[RECORDS FOR THE EXERCISE]
····················

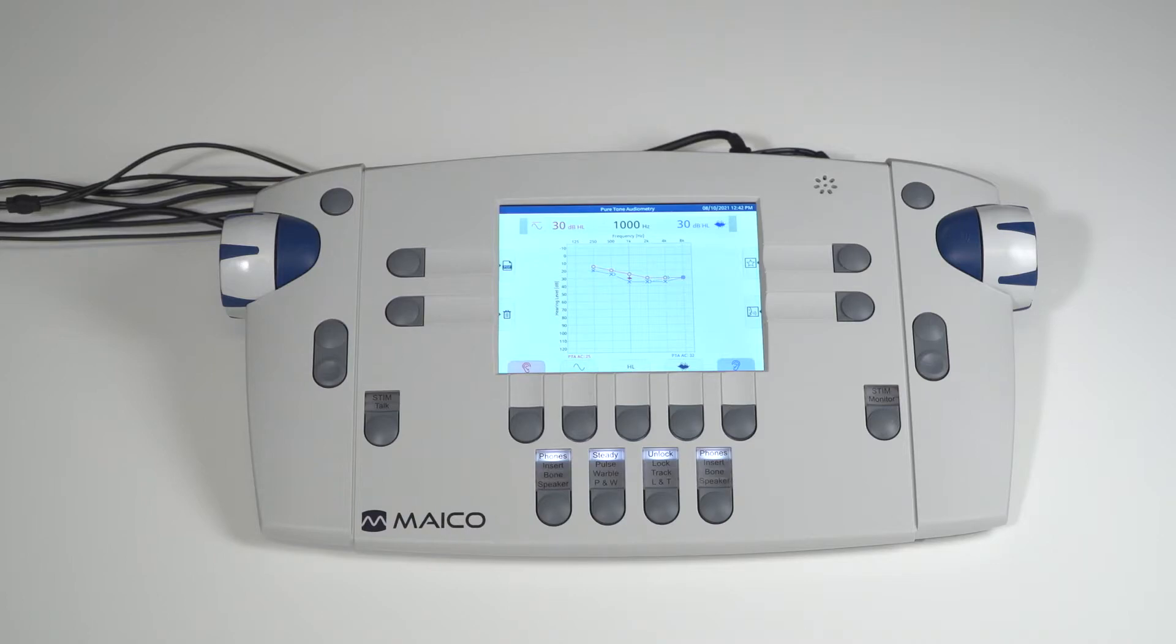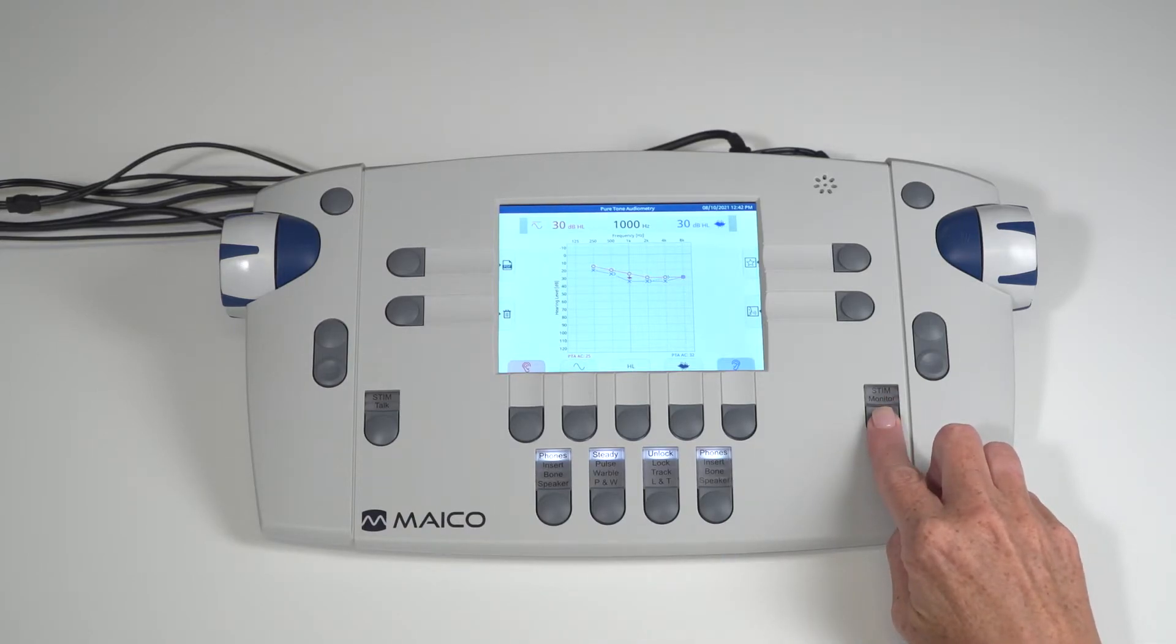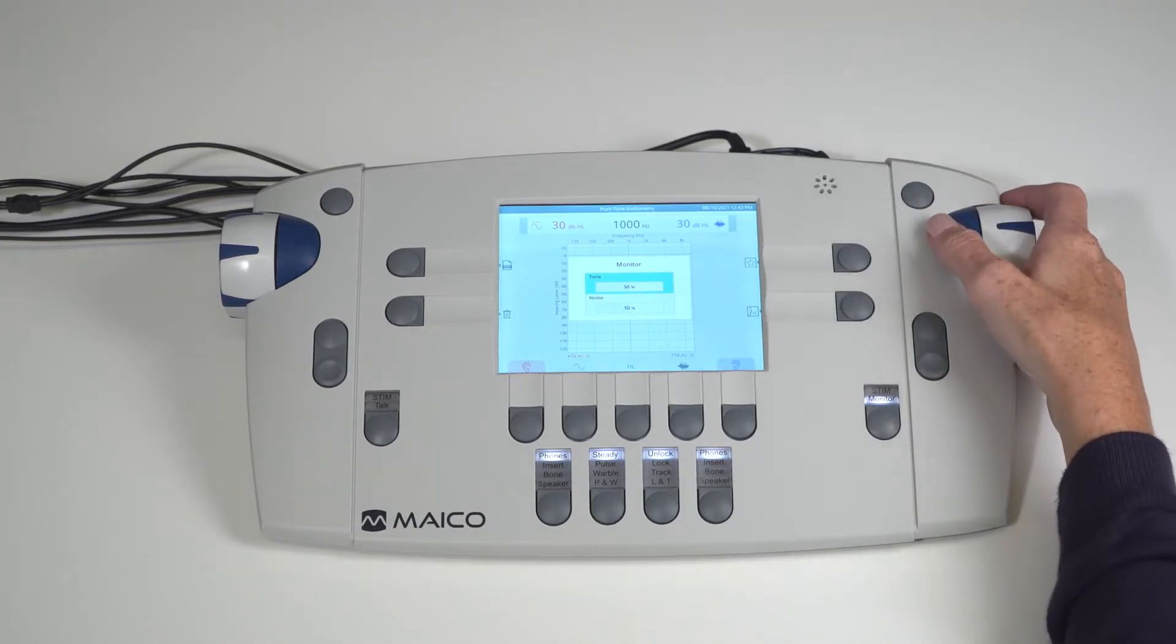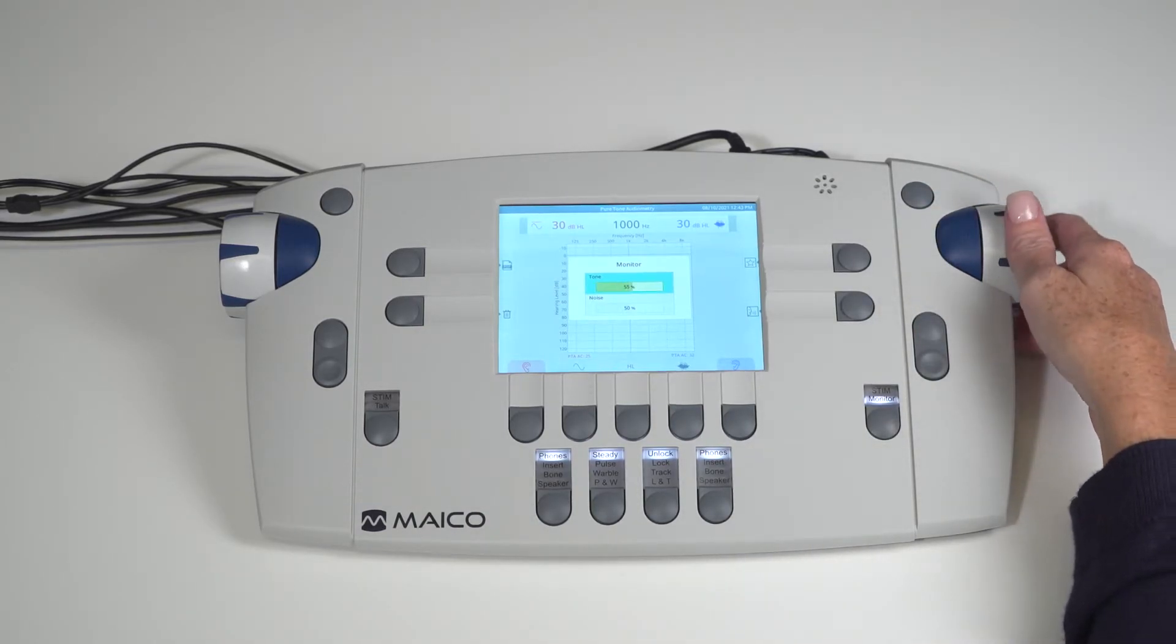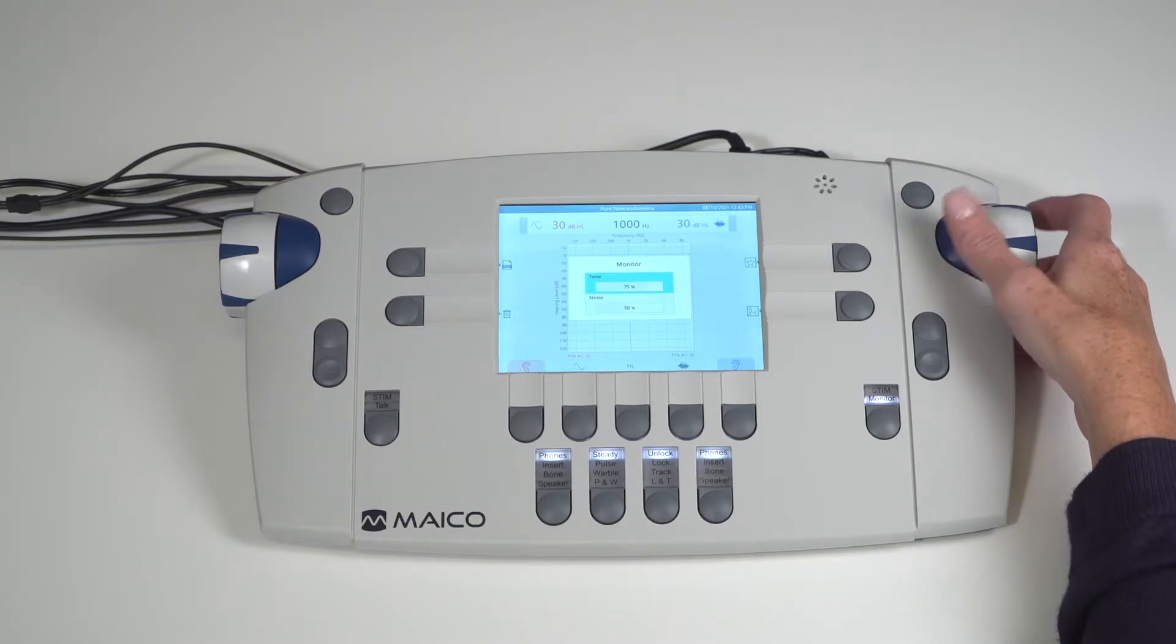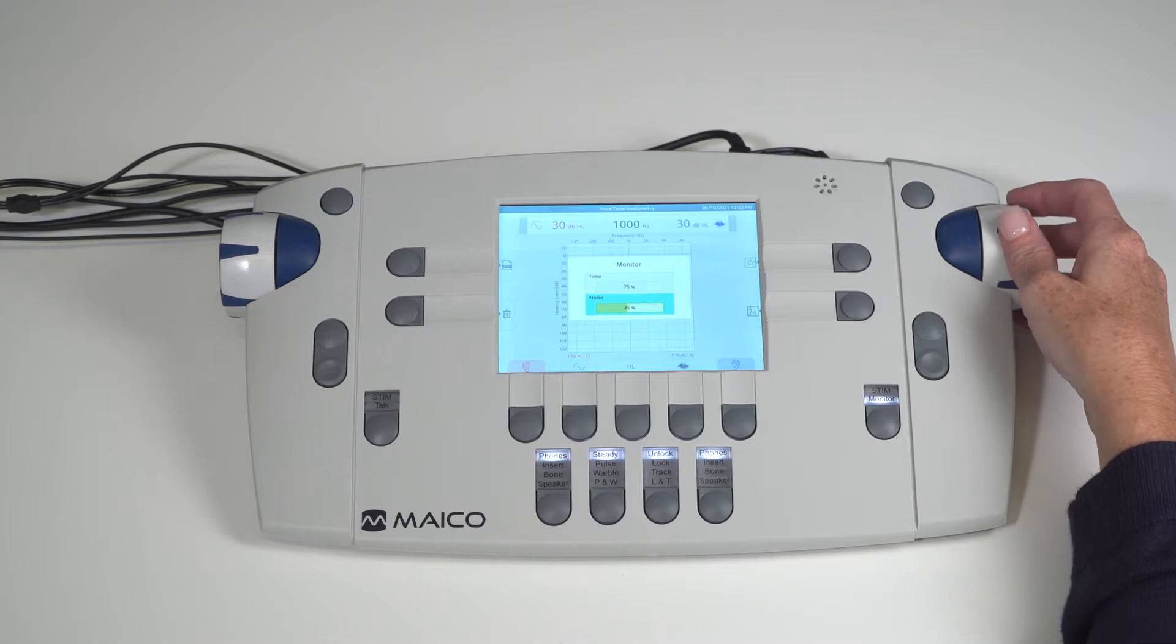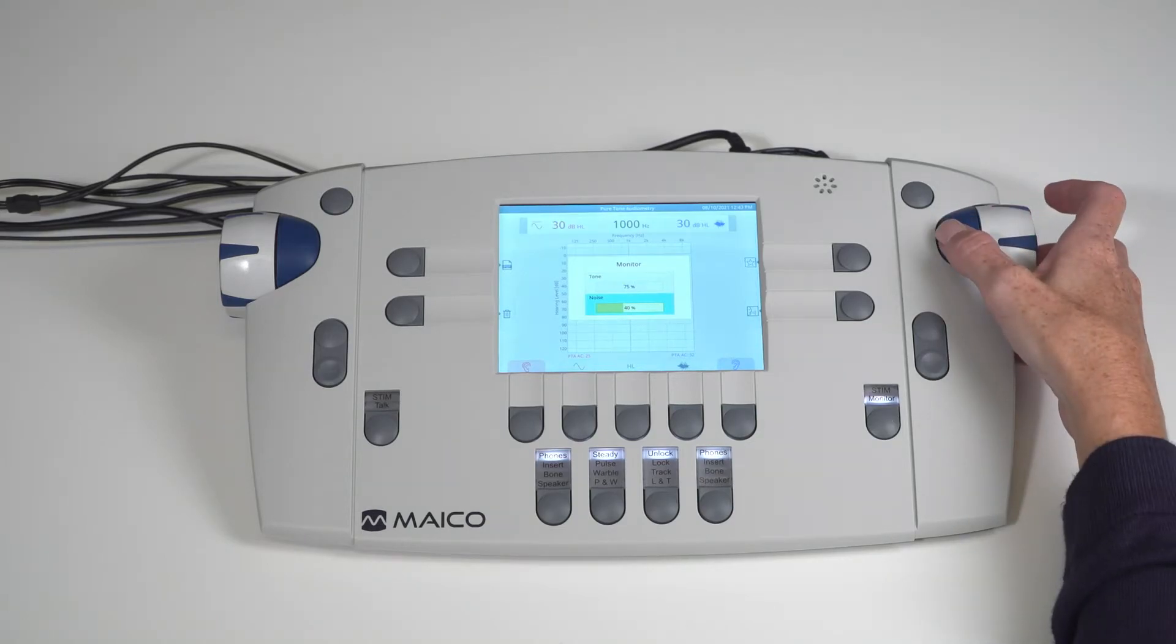While in the tone screen, select the monitor function with the right stim monitor key. Simply hold down this key until the monitor command shows on the screen. Here you can adjust the level of the monitor for tone and noise independently. Use the side dial to select which monitor type you want to adjust. When highlighted, press the blue present key. Use the side dial to change the setting. To exit the selection, press the blue present key again.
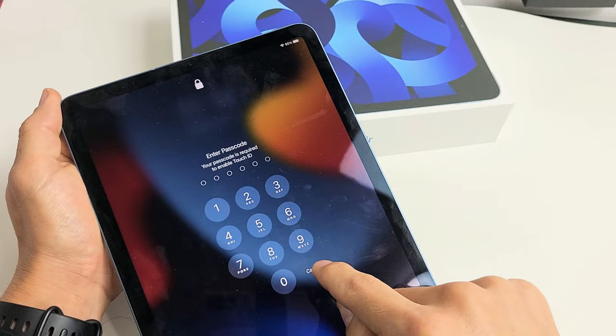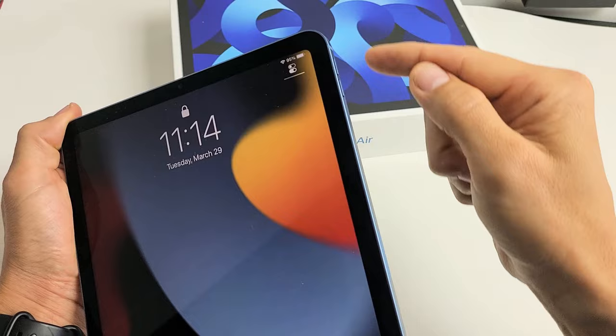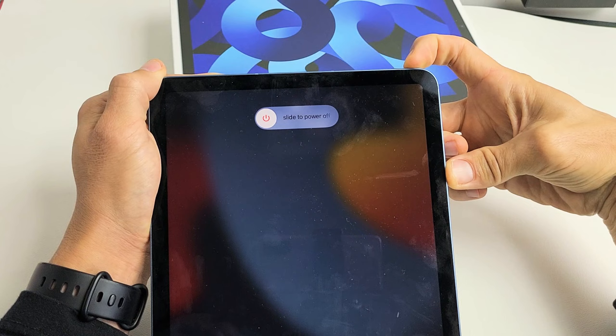Let's pretend my screen is frozen and I can't do anything. We're going to force restart it — follow me. Ready? Tap volume up, volume down, press and hold that power button. Continue to hold that power button — don't worry about what's on your screen.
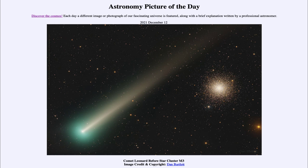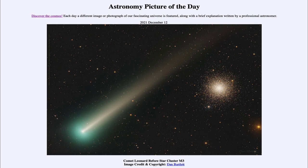Comet Leonard is now in the inner solar system and is developing a very nice tail. It is visible in the west after sunset, so it'll be very low to the horizon. Today it is passing its nearest point to the Earth — not anywhere close enough to be in danger of a collision. It will pass very close to Venus later on, and then will continue and pass closest to the sun in early January before it circles around and begins heading back out to the outer solar system.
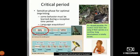The critical period is a sensitive phase for optimal imprinting. Some behaviors must be learned during a receptive time period. An example is language acquisition.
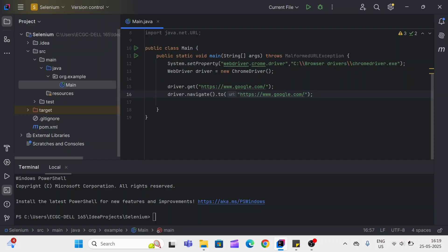If you want to simply open the initial URL in the browser, then we can use driver.get method. And if you want to do some advanced actions like refresh the page, go forward, go back, then we can use driver.navigate.to method.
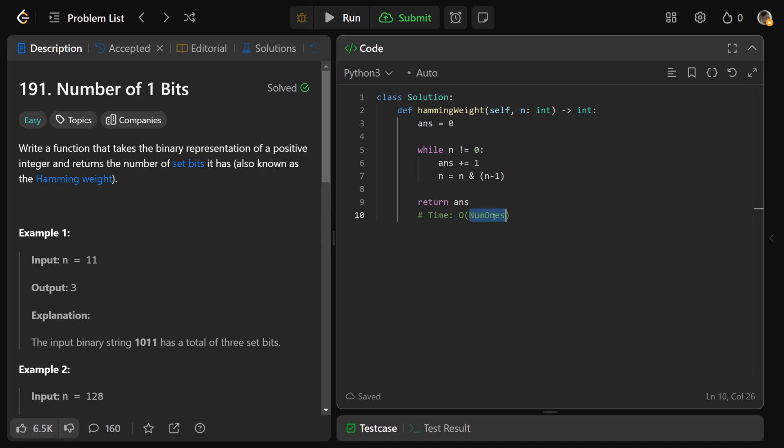Now importantly, this has the time complexity of big O of the number of 1 bits that are in the string. This is, in the worst case, just the number of bits that you have, but it's usually a lot faster than that. And the space complexity is going to just be constant.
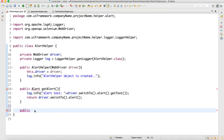Now we write the acceptAlert method, which is public void acceptAlert.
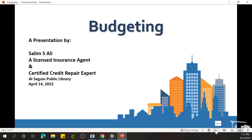Good afternoon, everyone. My name is Saleem Ali, and I'm a licensed insurance agent and a certified credit repair specialist. This presentation on budgeting is being done at Sagan Public Library, and it's about one o'clock, April 14th. Here's my contact info. If you need any help, please feel free to give me a call. There's never a charge, never a cost. I will be glad to advise you or review anything that you may have.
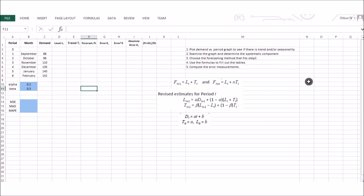In this video we are going to focus on the trend-corrected exponential smoothing method, also known as Holt's method. In forecasting using time series analysis, any observed demand has two components: a systematic component and a random component. The random component exists because there is always randomness in forecasting. The systematic component — which we can forecast by analyzing past data — captures level, trend, or seasonality in the demand.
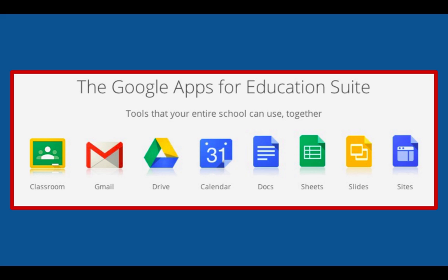Google Apps for Education, or GAFE, is a suite of productivity applications that Google offers to educational institutions for free. These communication and collaboration apps include Gmail, Calendar, Drive, Docs, and dozens of other collaborative tools.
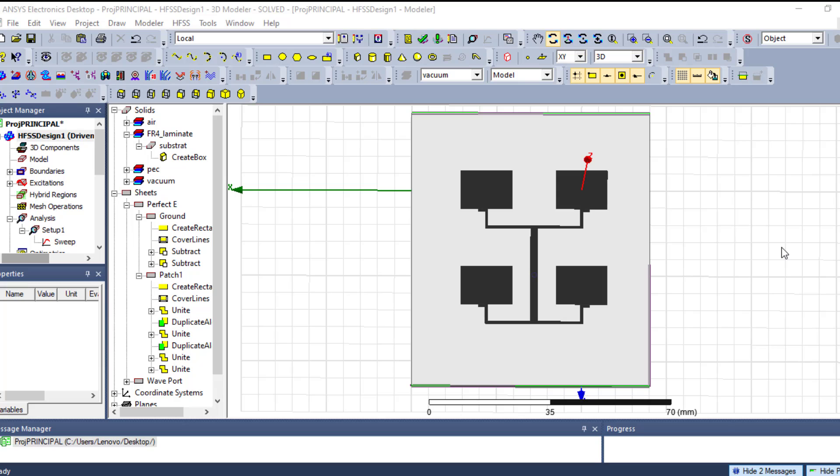To understand co-polarization and cross polarization, we need to work in the E-plane and H-plane, which are the principal planes. The E-plane contains the electric field and the H-plane contains the magnetic field. Co-polarization means both antennas use the same polarization — for example, both vertical. Cross polarization occurs when one antenna is vertical and the other is horizontal, meaning there is a difference between the polarizations.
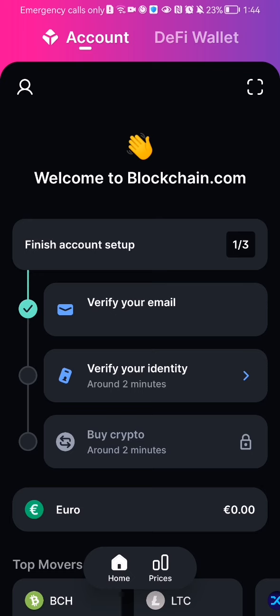The first thing you need to do is enter the app. Once you're in the home page,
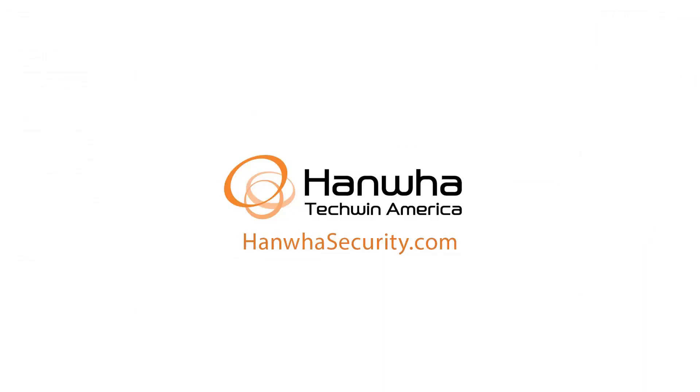To learn more about this and other exciting Hanwha products, subscribe to our YouTube channel or visit us at hanwhasecurity.com.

····················

[TASK DIRECTIONS] Where an entry contains an image, skip the image; repeat everything else exactly.

[EXERCISE SOLUTION]
While in the tone screen, select the monitor function with the right stim monitor key. Simply hold down this key until the monitor command shows on the screen. Here you can adjust the level of the monitor for tone and noise independently. Use the side dial to select which monitor type you want to adjust. When highlighted, press the blue present key. Use the side dial to change the setting. To exit the selection, press the blue present key again.
Let's pretend my screen is frozen and I can't do anything. We're going to force restart it — follow me. Ready? Tap volume up, volume down, press and hold that power button. Continue to hold that power button — don't worry about what's on your screen.
Comet Leonard is now in the inner solar system and is developing a very nice tail. It is visible in the west after sunset, so it'll be very low to the horizon. Today it is passing its nearest point to the Earth — not anywhere close enough to be in danger of a collision. It will pass very close to Venus later on, and then will continue and pass closest to the sun in early January before it circles around and begins heading back out to the outer solar system.
The critical period is a sensitive phase for optimal imprinting. Some behaviors must be learned during a receptive time period. An example is language acquisition.
If you want to simply open the initial URL in the browser, then we can use driver.get method. And if you want to do some advanced actions like refresh the page, go forward, go back, then we can use driver.navigate.to method.
Now importantly, this has the time complexity of big O of the number of 1 bits that are in the string. This is, in the worst case, just the number of bits that you have, but it's usually a lot faster than that. And the space complexity is going to just be constant.
Now we write the acceptAlert method, which is public void acceptAlert.
Good afternoon, everyone. My name is Saleem Ali, and I'm a licensed insurance agent and a certified credit repair specialist. This presentation on budgeting is being done at Sagan Public Library, and it's about one o'clock, April 14th. Here's my contact info. If you need any help, please feel free to give me a call. There's never a charge, never a cost. I will be glad to advise you or review anything that you may have.
In this video we are going to focus on the trend-corrected exponential smoothing method, also known as Holt's method. In forecasting using time series analysis, any observed demand has two components: a systematic component and a random component. The random component exists because there is always randomness in forecasting. The systematic component — which we can forecast by analyzing past data — captures level, trend, or seasonality in the demand.
Google Apps for Education, or GAFE, is a suite of productivity applications that Google offers to educational institutions for free. These communication and collaboration apps include Gmail, Calendar, Drive, Docs, and dozens of other collaborative tools.
To understand co-polarization and cross polarization, we need to work in the E-plane and H-plane, which are the principal planes. The E-plane contains the electric field and the H-plane contains the magnetic field. Co-polarization means both antennas use the same polarization — for example, both vertical. Cross polarization occurs when one antenna is vertical and the other is horizontal, meaning there is a difference between the polarizations.
The first thing you need to do is enter the app. Once you're in the home page,
To learn more about this and other exciting Hanwha products, subscribe to our YouTube channel or visit us at hanwhasecurity.com.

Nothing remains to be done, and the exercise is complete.